When it comes to US intellectual property law, specifically patents as they pertain to software, I have a very scorched Earth philosophy. Don’t tweak it. Don’t reform it. Don’t debate over it. Don’t worry about it. Just delete it. Yes, to me, it’s like a nasty, tangled mass of bad code where it’s easier to get rid of it and address what breaks than it is to try to salvage it in its current form. I understand the need for patents on things such as medicines that have prohibitive startup investment cost, but when it comes to things like “gravity” effects on your cell phone, it’s just not worth having a system where established powerhouses can bury the little guy or blast away at each other and drive up costs, benefiting no one but lawyers. But, this post is not intended to spark a debate about ownership of ideas and intellectual property.

Instead, I’m putting my money where my mouth is. I’m going to give away what I think could be a pretty cool and viable idea. Why?

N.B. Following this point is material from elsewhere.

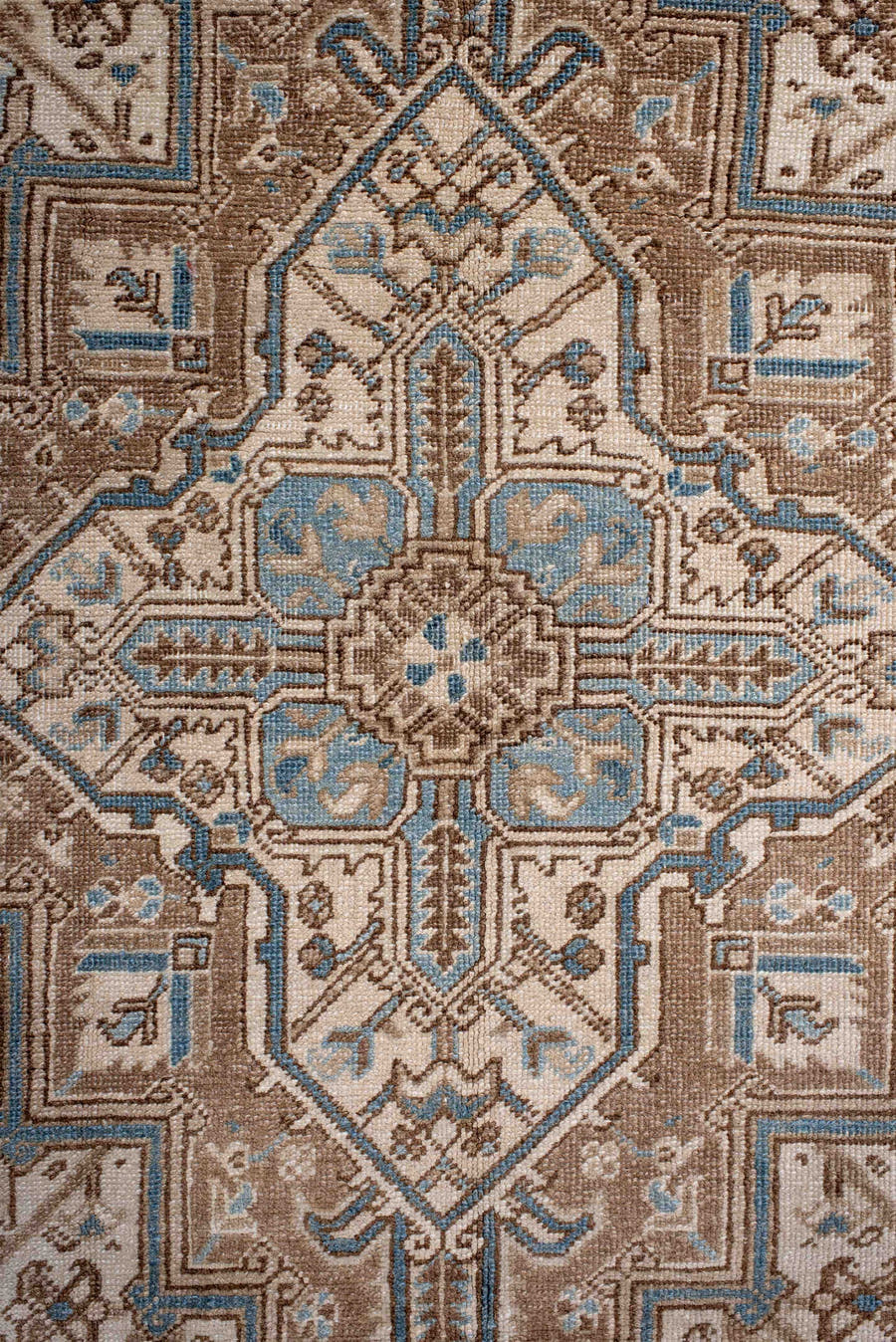 6' x 8' one-of-a-kind handmade antique Heriz medium size rug. Color palette: ivory, taupe, sky blue, camel, brown, beige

Well, because I’m not exactly made of time, and I’d rather trade the small chance that I’d ever parlay this into a winning business idea for the slightly greater chance that someone might take it and run with it (or point me to it if it already exists). In other words, I want this thing enough that I just want someone to do it. Maybe one day I’d get around to it, but if you want to do it first, faster, and better, please be my guest.

The Turn

Every day in my feed reader, an entry from Alvin Ashcraft called “Dew Drop” appears. Here is one such entry. It’s a link collection that he dutifully fills out every day, organizing by category. In the linked entry, he has “Top Links” at, well, the top, followed by Web Development, XAML, etc, ending up eventually with a set of other link collections and a book. You know what this reminds me of? A newspaper. I mean, the “Top Links” is pretty obviously “Front Page”, and then you’ve got your .NET equivalent of Business, Metro, Sports, Politics, etc.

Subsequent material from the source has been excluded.